TASK PROMPT » From the data that follows, print exactly the lines starting at the one containing "My next steelbook" and ending at the one containing "Once you've done"; include both of them and nothing more.

Dataset entries

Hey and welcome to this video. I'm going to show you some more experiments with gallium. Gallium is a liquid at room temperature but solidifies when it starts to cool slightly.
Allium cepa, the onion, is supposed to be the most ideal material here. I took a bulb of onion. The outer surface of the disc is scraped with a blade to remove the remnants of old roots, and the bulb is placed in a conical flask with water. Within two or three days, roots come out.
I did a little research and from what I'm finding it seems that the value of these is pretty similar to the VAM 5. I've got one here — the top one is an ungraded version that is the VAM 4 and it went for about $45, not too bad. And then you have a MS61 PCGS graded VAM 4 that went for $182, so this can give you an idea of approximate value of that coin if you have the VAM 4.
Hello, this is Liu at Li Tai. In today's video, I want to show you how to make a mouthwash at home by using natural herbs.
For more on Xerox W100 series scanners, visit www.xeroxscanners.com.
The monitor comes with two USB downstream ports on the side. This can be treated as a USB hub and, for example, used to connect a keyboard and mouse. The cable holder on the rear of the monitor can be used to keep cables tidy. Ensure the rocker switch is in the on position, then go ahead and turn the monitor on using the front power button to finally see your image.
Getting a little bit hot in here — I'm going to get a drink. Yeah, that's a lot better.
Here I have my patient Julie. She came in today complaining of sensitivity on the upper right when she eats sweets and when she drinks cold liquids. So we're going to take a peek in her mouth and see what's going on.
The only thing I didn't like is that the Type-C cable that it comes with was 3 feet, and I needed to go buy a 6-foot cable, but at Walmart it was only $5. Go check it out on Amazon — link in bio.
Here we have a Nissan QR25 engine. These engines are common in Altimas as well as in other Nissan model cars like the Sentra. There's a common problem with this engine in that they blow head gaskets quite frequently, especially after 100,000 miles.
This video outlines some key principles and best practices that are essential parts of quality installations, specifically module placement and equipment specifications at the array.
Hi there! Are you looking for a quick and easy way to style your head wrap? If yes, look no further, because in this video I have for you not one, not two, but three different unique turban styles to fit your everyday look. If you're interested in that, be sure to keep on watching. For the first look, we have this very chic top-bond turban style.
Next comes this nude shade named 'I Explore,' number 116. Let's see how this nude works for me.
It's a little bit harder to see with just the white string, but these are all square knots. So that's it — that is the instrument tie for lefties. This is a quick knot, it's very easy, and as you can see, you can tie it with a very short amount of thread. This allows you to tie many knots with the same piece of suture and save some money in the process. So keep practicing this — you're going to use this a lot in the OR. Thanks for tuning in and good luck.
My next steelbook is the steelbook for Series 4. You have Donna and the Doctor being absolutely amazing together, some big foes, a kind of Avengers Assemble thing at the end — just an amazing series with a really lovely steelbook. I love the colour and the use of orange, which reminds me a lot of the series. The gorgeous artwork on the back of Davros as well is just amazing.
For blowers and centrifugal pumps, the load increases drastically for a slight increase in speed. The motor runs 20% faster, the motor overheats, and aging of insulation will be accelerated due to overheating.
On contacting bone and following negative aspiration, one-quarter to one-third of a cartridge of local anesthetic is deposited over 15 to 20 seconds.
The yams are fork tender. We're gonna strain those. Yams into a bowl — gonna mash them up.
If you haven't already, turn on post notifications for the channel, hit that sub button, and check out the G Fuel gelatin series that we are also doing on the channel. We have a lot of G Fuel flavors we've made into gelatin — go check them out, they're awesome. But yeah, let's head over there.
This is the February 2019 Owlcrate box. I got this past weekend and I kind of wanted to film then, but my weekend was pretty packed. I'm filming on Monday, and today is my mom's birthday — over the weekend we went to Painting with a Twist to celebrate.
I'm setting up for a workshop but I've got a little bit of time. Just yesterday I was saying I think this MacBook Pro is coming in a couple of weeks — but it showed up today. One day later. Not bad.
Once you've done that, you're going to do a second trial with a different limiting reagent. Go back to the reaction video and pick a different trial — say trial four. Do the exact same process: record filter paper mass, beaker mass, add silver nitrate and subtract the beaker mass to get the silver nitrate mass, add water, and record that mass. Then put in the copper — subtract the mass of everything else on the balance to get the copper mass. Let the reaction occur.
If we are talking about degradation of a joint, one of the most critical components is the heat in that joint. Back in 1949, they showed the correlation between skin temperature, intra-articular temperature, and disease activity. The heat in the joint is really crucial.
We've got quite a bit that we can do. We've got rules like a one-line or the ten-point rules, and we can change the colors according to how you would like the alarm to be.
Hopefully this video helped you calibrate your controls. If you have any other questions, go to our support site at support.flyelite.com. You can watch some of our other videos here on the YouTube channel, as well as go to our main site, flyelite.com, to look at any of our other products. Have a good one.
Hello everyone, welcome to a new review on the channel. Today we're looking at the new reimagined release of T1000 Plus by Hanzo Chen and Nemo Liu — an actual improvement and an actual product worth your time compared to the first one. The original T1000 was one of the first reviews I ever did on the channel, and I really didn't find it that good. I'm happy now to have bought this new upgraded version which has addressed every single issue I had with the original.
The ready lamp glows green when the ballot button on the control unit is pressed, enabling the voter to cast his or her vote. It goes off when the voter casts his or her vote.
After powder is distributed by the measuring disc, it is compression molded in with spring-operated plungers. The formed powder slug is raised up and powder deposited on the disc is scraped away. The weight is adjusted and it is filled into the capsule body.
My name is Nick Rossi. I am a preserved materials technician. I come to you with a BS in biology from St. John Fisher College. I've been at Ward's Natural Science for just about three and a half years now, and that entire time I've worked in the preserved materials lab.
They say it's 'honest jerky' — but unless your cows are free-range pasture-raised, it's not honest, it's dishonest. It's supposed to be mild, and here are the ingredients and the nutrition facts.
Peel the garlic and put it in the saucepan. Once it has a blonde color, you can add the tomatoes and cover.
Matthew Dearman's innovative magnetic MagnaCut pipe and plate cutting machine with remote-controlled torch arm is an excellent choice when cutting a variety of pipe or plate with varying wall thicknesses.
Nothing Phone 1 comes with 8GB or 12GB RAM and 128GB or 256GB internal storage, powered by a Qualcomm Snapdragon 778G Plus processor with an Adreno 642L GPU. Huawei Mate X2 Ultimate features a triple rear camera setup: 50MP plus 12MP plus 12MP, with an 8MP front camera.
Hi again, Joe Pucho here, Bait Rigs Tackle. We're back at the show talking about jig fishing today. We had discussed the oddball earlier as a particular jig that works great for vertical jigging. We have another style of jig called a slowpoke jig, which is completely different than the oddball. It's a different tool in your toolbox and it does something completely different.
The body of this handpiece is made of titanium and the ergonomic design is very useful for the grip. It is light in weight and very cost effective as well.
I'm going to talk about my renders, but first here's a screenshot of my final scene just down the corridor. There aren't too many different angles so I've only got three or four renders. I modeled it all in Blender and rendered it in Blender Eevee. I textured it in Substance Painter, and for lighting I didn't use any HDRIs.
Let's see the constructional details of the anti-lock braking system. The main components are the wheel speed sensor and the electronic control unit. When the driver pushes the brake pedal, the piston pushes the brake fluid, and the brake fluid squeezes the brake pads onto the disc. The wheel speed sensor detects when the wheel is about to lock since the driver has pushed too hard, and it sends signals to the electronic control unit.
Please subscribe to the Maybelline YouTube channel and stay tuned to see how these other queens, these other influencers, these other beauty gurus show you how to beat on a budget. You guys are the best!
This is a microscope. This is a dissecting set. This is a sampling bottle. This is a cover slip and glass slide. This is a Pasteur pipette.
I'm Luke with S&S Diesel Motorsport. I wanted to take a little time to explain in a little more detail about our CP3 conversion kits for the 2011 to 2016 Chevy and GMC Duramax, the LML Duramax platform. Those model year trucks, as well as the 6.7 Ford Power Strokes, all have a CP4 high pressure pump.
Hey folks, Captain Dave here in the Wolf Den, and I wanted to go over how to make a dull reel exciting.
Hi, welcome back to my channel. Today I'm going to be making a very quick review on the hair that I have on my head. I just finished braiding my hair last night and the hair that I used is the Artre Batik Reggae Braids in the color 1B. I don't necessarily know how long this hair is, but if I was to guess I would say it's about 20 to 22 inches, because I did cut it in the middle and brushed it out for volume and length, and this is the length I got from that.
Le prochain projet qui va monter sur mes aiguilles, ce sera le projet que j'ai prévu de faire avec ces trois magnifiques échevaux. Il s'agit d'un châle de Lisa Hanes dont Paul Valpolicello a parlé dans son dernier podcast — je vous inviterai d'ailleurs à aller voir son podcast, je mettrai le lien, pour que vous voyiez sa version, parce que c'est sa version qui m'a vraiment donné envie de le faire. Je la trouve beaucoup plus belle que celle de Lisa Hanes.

RESULT OF THIS TASK »
My next steelbook is the steelbook for Series 4. You have Donna and the Doctor being absolutely amazing together, some big foes, a kind of Avengers Assemble thing at the end — just an amazing series with a really lovely steelbook. I love the colour and the use of orange, which reminds me a lot of the series. The gorgeous artwork on the back of Davros as well is just amazing.
For blowers and centrifugal pumps, the load increases drastically for a slight increase in speed. The motor runs 20% faster, the motor overheats, and aging of insulation will be accelerated due to overheating.
On contacting bone and following negative aspiration, one-quarter to one-third of a cartridge of local anesthetic is deposited over 15 to 20 seconds.
The yams are fork tender. We're gonna strain those. Yams into a bowl — gonna mash them up.
If you haven't already, turn on post notifications for the channel, hit that sub button, and check out the G Fuel gelatin series that we are also doing on the channel. We have a lot of G Fuel flavors we've made into gelatin — go check them out, they're awesome. But yeah, let's head over there.
This is the February 2019 Owlcrate box. I got this past weekend and I kind of wanted to film then, but my weekend was pretty packed. I'm filming on Monday, and today is my mom's birthday — over the weekend we went to Painting with a Twist to celebrate.
I'm setting up for a workshop but I've got a little bit of time. Just yesterday I was saying I think this MacBook Pro is coming in a couple of weeks — but it showed up today. One day later. Not bad.
Once you've done that, you're going to do a second trial with a different limiting reagent. Go back to the reaction video and pick a different trial — say trial four. Do the exact same process: record filter paper mass, beaker mass, add silver nitrate and subtract the beaker mass to get the silver nitrate mass, add water, and record that mass. Then put in the copper — subtract the mass of everything else on the balance to get the copper mass. Let the reaction occur.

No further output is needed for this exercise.